回到熟悉的房子,看著自己那大廳裏的長長的飯桌,以及那頂上借助光係魔核照明的水晶燈,威昂也是感慨不已,現實隻過去了幾個月,自己卻感覺很久很久沒來過了一樣。
“呀,威...威昂...大人,你回來了。”
塔珂兒緩緩從樓上走下,平時威昂在的時候,她總不能老是睡威昂的床位,而且威昂也不喜歡睡樓上,所以她自己在樓上的兩個空房間裏選了麵對道路,有陽台的一間住下,平時就自己給自己做飯做菜,畢竟威昂不在了,塔利先生也就不負責這間房子的夥食了。
“恩,辭職了,暫時。”
威昂坐到主位,這本就是自己家。
“最近過的怎麽樣?”
“嗯,挺好的,不必擔憂生存問題,吃喝不愁。”
“那就好,若不嫌棄,想住就住下,也許以後我還是會外出,畢竟上任容易,下崗可難啊,對於信靈這個職位來說。”
“嗯。
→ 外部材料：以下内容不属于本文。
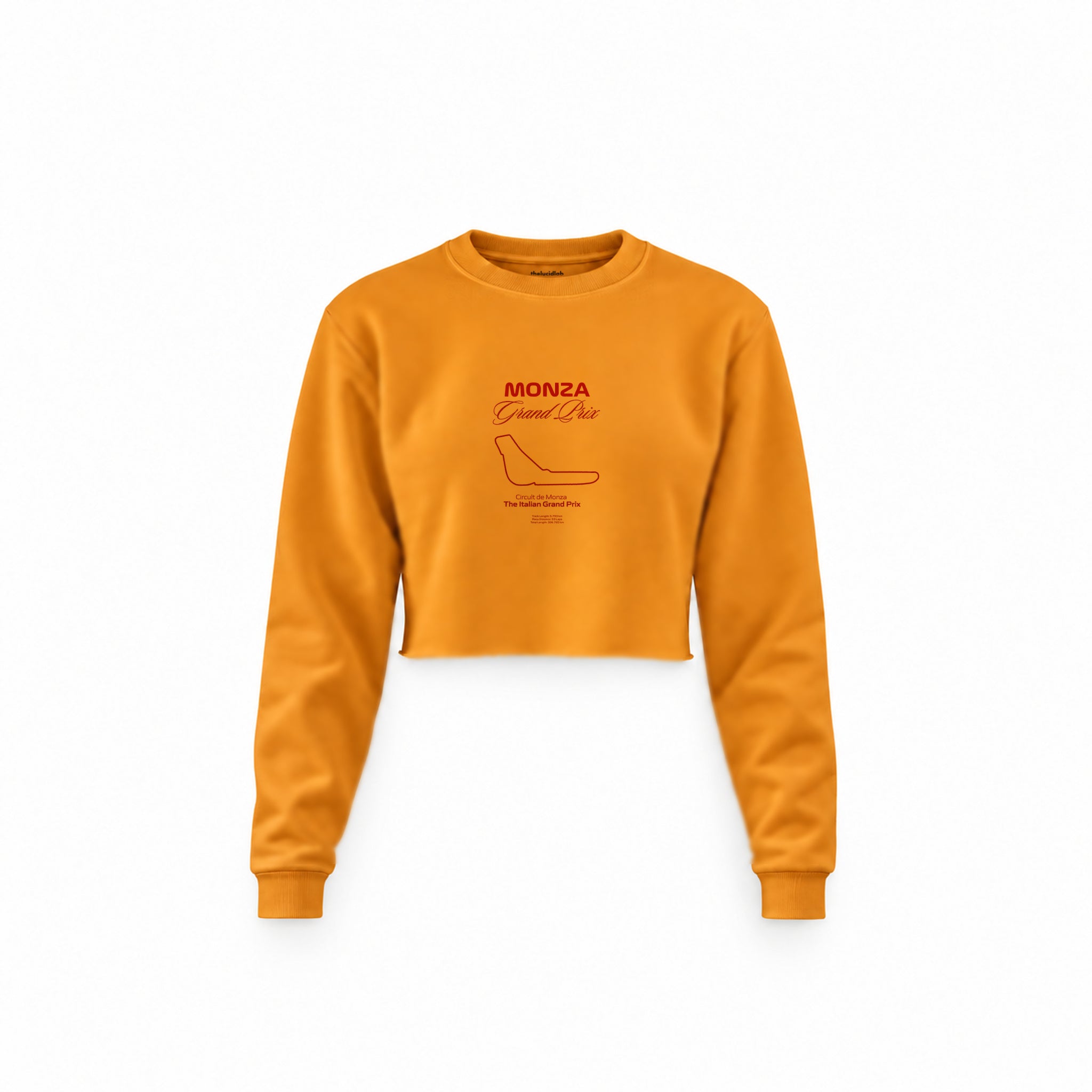 Monza Grand Prix Crop Sweatshirt — Turuncu — Ön baskı
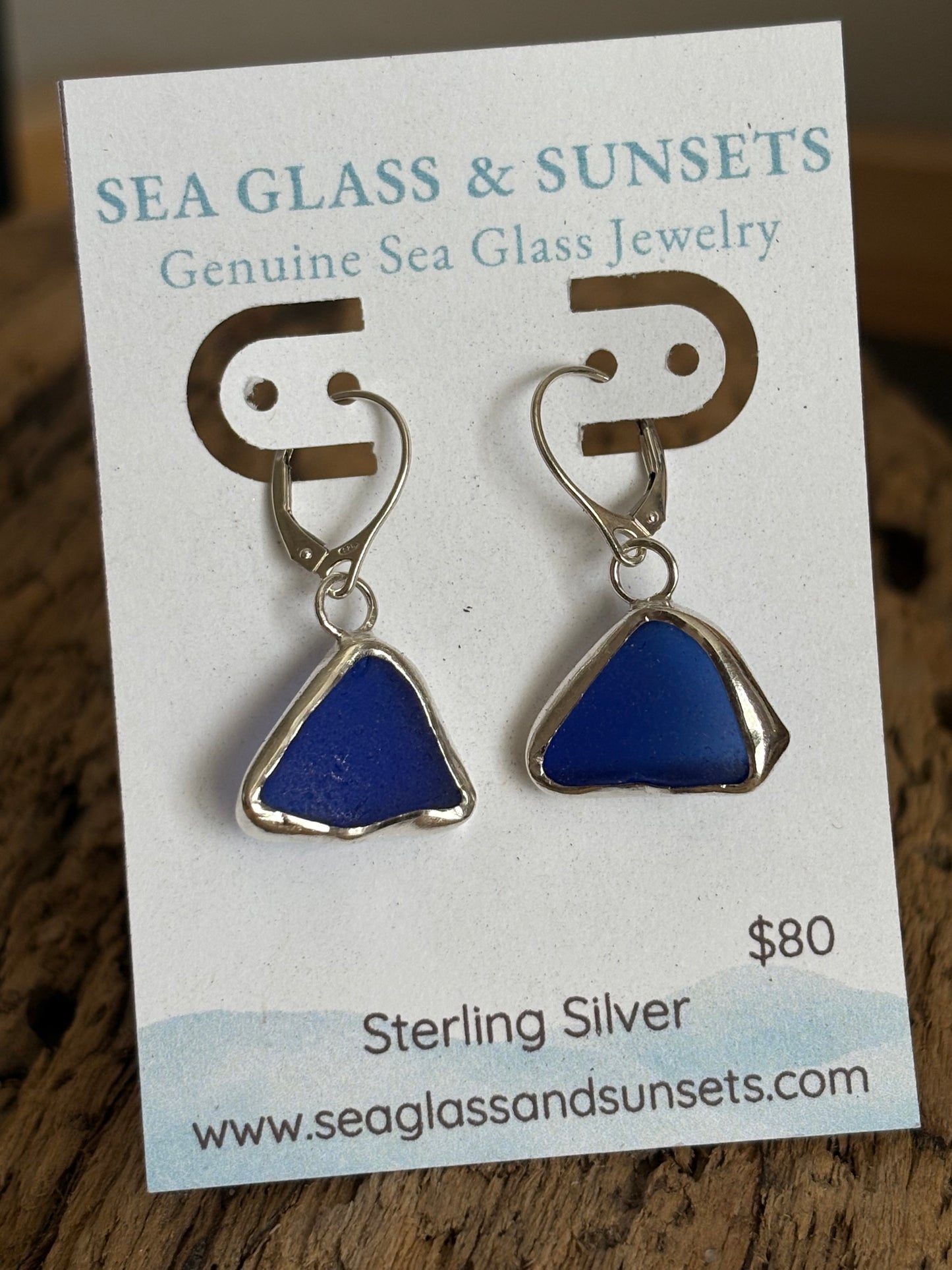 Cobalt Blue Sea Glass Open Bezel Sterling Silver Dangle Earrings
”
......
短暫的問答後,再度陷入了沉默,沒辦法,交流的少,真心沒有話題了,一些不相幹的話題,也沒有必要強行聊天,有時候,沉默,盡管尷尬,但是兩人一起尷尬總比自己一個人尷尬來得好。
“您還是要走麽?”
“對啊,盡管我沒什麽天賦,沒什麽遠大抱負,但是你看,這天降的擔子依舊會落到我頭上,你知道這是為什麽麽?”
“不知道。”
塔珂兒坐在威昂的左下位,靜靜看著自己身前的桌麵,不知在思索什麽。
“這就是天道。”
“天道?天道不好麽,有規矩,有方向......”
“但是又有多少人願意去走這安排好的路?俗話說,天道不仁,以萬物為芻狗,天道也是有追求有欲望的生靈罷了。”
威昂想起了那個可憐的大boos,本就身為天道,旗下卻沒有生靈存在,估計將他拖過來也是花了不小的代價,不然身為高高在上的天道,哪裏容他討價還價,直接抓過靈魂,往一個剛死之人的身體一塞,既不會被異世界天道排斥,輕鬆又省力。